И дольше века длится день... - Чингиз Айтматов
Шрифт:
Интервал:
Закладка:
— Так вот, значит, — Сейдахмат охотно принялся повторять уже рассказанное. — Только мы стали подъезжать к маралам, а они стояли на опушке в леску, все три. Только мы привязали коней к деревьям, старик мой вдруг хватает меня за руку. «Не можем, — говорит, — мы стрелять маралов. Мы — бугинцы, дети Рогатой матери-оленихи!» А сам смотрит на меня, как ребенок. Умоляет глазами.

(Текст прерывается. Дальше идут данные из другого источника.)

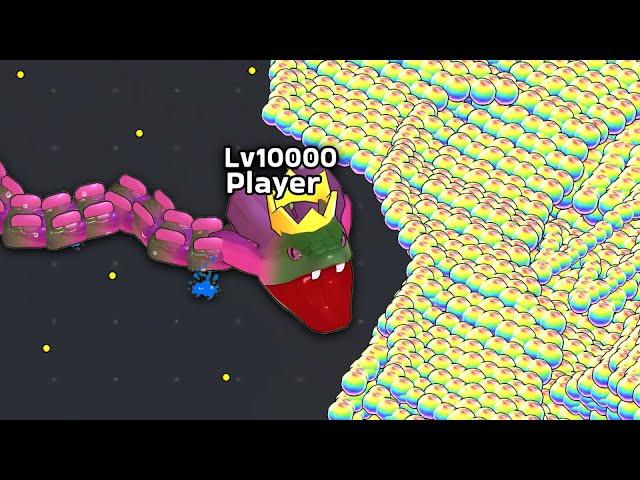 Snake Clash! .io - MAX LEVEL! Epic Snake Clash.io Gameplay! #33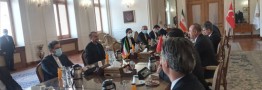 وزیران خارجه ترکیه و ایران دیدار کردند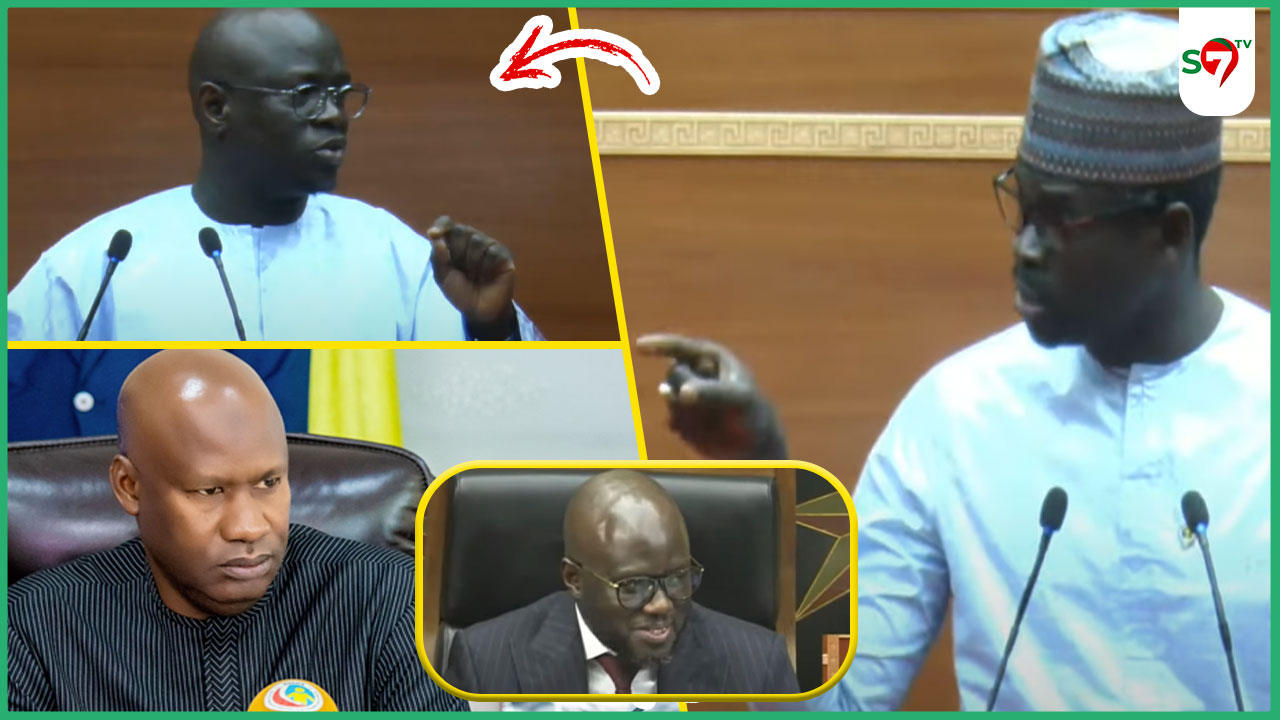 (Vidéo) Assemblée: Me Tall interpelle directement le miniustre de la santé devant Cheikh diba & el Malick Ndiaye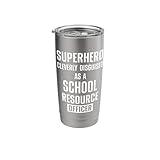 School Resource Officer SRO Stainless Steel Insulated Tumbler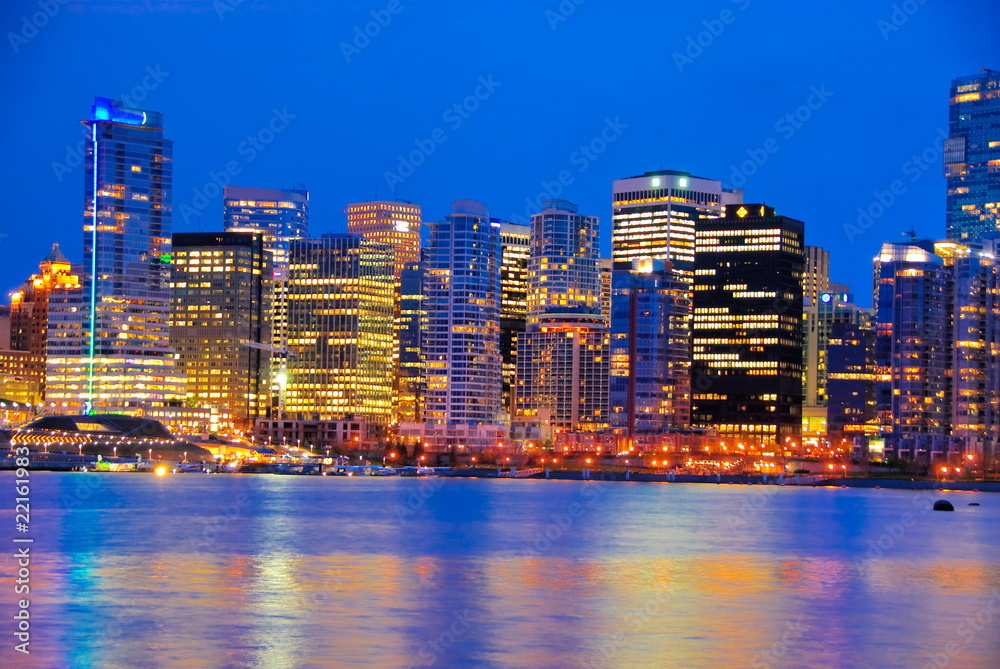 Naklejka premium Downtown Vancouver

А я — хоть стой, хоть падай, — подыхаю со смеху. Но не засмеялся. А, наоборот, так это серьезно. «Ты, что, — говорю, — в тюрьму хочешь угодить?» «Нет», — говорит он. «А ты знаешь, что байские сказки эти, придуманные в темные байские времена, чтобы, значит, запугивать бедняцкий народ!» А он тогда и рот раскрыл: «Да что ты?» — говорит. «Вот то-то, — говорю, — ты эти разговорчики оставь, а не то не посмотрю, что старик, напишу на тебя куда следует».
— Ха-ха-ха! — рассмеялись дружно сидевшие.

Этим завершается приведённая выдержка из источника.